Policy preview: No longer contained
“It is not the going out of port, but the coming in, that determines the success of a voyage.”Henry Ward Beecher
This January, we wrote on the state of the global shipping industry and noting that the then-incoming Biden Administration was likely to take a negative view of the concentration of power among a small set of container shipping alliances that have been built up over the last decade. Container prices had already been steadily rising, but by June many benchmark prices had doubled, some even tripled. Though they have since retreated, container pricing has contributed significantly to higher-than-expected inflation indicators in Europe and the US.
This has escalated the urgency of the matter for the White House, as indicated by President Joe Biden’s 9 July Executive Order aimed at promoting competition in the US economy. The White House specifically noted the concentration of power among large container shipping firms and warned this risked “leaving domestic (US) manufacturers who need to export goods at these large foreign companies’ mercy.
The order only directly addresses this, however, by encouraging the Federal Maritime Commission “to ensure vigorous enforcement against shippers charging American exporters exorbitant charges”. The scope for US executive branch reproach is limited by the non-US domicile of major international shipping companies.
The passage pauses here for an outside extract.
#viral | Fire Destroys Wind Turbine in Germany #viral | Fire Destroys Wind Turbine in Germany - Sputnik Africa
Nonetheless, we expect the US Department of Justice (DOJ) to announce a new investigation into the shipping industry – picking up the probe that it first launched in 2017 but dropped in 2019. However, the key US approach is likely to come via legislation, with Congressmen John Garamendi (D-CA) and Dusty Johnson (R-SD) leading bipartisan efforts to draft legislation on behalf of the House Transportation and Infrastructure Committee.
The key provision of the legislation is expected to seek to bar shippers from declining cargo bookings for exports – the rates for which are far-below those for US imports, which has led to many shippers even leaving American ports empty so as to faster reload for export to the US. Importers, however, will be weary that this will not lower their prices – and may even increase them.
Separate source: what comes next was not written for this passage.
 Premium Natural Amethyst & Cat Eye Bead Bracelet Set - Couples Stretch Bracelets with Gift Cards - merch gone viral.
Container prices will be a particular important feature of the economy not only for their impact on inflation, but will be further prioritised by policy makers as the diversification of supply chains to protect resiliency grows in the aftermath of the COVID-19 pandemic and amid ongoing global trade tensions. One area where a DOJ probe is likely to look – and legislators are expected to examine – is the relationship between container port terminal operators and shipping companies. Action to prompt diversification, and potentially even divestment, on this front should be expected.